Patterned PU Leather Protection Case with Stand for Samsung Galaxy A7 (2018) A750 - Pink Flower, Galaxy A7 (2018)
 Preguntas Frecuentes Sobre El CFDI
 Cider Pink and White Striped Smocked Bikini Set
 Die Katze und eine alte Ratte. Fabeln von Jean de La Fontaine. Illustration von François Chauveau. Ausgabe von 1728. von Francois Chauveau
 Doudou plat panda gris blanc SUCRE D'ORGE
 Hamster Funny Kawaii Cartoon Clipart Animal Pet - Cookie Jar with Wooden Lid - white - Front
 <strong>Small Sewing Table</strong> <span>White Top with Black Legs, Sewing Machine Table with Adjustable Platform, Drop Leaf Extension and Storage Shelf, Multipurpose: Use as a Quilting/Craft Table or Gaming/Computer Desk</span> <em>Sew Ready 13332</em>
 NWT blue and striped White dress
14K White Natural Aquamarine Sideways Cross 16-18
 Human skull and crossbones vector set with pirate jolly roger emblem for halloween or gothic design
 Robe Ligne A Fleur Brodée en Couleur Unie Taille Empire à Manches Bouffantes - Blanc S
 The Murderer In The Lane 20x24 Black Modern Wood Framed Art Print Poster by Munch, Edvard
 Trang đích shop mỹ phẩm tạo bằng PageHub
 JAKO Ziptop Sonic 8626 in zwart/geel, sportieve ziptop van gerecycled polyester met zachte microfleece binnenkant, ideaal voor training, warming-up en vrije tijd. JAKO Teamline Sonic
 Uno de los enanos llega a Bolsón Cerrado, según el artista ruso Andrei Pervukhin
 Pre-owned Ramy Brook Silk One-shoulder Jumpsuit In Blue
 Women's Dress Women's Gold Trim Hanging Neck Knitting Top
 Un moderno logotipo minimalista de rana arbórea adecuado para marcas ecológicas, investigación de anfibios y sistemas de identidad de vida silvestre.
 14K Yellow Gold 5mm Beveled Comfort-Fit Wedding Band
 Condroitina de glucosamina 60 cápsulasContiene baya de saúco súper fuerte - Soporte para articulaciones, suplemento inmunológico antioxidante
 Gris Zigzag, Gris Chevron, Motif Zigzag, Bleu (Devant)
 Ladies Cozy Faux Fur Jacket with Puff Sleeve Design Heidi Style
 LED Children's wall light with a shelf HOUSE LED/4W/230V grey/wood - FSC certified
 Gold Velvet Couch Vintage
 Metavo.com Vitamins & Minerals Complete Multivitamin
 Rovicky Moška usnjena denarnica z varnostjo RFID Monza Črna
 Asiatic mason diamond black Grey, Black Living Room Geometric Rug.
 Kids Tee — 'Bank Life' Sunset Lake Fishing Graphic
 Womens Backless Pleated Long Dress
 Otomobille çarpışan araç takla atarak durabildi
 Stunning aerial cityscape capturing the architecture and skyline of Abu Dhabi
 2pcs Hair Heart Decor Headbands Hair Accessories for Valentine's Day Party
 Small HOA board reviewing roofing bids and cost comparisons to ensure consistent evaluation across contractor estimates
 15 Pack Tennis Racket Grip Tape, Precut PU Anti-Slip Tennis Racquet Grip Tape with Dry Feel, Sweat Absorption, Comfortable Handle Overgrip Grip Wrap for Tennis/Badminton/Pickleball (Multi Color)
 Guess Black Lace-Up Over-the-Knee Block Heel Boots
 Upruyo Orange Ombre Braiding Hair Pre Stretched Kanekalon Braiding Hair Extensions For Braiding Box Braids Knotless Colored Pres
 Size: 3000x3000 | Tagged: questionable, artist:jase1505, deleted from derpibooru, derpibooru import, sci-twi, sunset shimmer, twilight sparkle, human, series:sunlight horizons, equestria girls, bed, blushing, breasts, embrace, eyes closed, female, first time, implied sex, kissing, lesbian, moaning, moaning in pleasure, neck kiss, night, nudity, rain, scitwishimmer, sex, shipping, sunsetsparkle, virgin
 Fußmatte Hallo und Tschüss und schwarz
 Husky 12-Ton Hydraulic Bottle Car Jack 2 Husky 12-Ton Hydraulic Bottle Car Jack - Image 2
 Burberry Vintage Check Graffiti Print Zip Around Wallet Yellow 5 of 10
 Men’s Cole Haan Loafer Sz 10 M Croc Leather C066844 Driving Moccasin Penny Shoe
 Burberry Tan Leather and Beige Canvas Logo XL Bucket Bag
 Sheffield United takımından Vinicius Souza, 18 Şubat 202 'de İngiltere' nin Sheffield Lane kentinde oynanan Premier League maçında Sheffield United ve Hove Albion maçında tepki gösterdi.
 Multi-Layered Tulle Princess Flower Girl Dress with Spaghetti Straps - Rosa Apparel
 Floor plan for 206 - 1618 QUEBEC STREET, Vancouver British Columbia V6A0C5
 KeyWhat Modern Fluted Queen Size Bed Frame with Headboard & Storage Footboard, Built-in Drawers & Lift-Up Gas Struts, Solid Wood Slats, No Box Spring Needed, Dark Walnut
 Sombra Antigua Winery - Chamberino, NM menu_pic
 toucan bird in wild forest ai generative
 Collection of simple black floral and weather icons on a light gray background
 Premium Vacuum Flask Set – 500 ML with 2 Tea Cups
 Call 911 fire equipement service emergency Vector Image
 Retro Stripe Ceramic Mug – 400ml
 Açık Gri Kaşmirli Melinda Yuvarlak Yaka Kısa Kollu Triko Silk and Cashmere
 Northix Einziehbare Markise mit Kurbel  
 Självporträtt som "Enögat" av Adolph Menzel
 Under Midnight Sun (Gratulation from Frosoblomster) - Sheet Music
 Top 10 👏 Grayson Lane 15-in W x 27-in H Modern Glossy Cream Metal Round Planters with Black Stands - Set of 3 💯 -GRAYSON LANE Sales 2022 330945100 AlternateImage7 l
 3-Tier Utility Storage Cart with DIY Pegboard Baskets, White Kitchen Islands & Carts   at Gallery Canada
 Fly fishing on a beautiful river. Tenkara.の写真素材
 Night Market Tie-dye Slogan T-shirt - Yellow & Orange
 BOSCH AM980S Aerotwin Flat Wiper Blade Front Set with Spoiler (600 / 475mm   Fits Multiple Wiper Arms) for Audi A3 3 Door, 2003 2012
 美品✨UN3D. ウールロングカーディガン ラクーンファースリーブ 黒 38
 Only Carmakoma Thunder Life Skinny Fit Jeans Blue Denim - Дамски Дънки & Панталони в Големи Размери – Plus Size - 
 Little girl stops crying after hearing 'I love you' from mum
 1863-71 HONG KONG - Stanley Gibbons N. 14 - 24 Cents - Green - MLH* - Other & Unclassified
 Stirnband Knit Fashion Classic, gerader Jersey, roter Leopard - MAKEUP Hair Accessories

==============================

- EXERCISE
If a line comes after the one with "Hamster Funny Kawaii", leave it out; reproduce exactly every line of the material from the first up to and including that one.

- ANSWER SPACE
Patterned PU Leather Protection Case with Stand for Samsung Galaxy A7 (2018) A750 - Pink Flower, Galaxy A7 (2018)
 Preguntas Frecuentes Sobre El CFDI
 Cider Pink and White Striped Smocked Bikini Set
 Die Katze und eine alte Ratte. Fabeln von Jean de La Fontaine. Illustration von François Chauveau. Ausgabe von 1728. von Francois Chauveau
 Doudou plat panda gris blanc SUCRE D'ORGE
 Hamster Funny Kawaii Cartoon Clipart Animal Pet - Cookie Jar with Wooden Lid - white - Front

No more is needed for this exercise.